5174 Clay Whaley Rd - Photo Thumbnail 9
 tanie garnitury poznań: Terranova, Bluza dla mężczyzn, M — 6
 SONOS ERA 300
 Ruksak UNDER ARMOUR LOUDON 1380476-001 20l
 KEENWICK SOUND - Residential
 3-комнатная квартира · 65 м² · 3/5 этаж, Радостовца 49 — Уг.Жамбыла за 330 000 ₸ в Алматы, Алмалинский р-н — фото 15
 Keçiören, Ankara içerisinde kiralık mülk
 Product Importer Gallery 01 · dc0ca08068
+===+
_Task statement_
Print exactly the lines from the one with "tanie garnitury poznań: Terranova, Bluza" through the last line of the material, including both, and no others.

_The answer_
 tanie garnitury poznań: Terranova, Bluza dla mężczyzn, M — 6
 SONOS ERA 300
 Ruksak UNDER ARMOUR LOUDON 1380476-001 20l
 KEENWICK SOUND - Residential
 3-комнатная квартира · 65 м² · 3/5 этаж, Радостовца 49 — Уг.Жамбыла за 330 000 ₸ в Алматы, Алмалинский р-н — фото 15
 Keçiören, Ankara içerisinde kiralık mülk
 Product Importer Gallery 01 · dc0ca08068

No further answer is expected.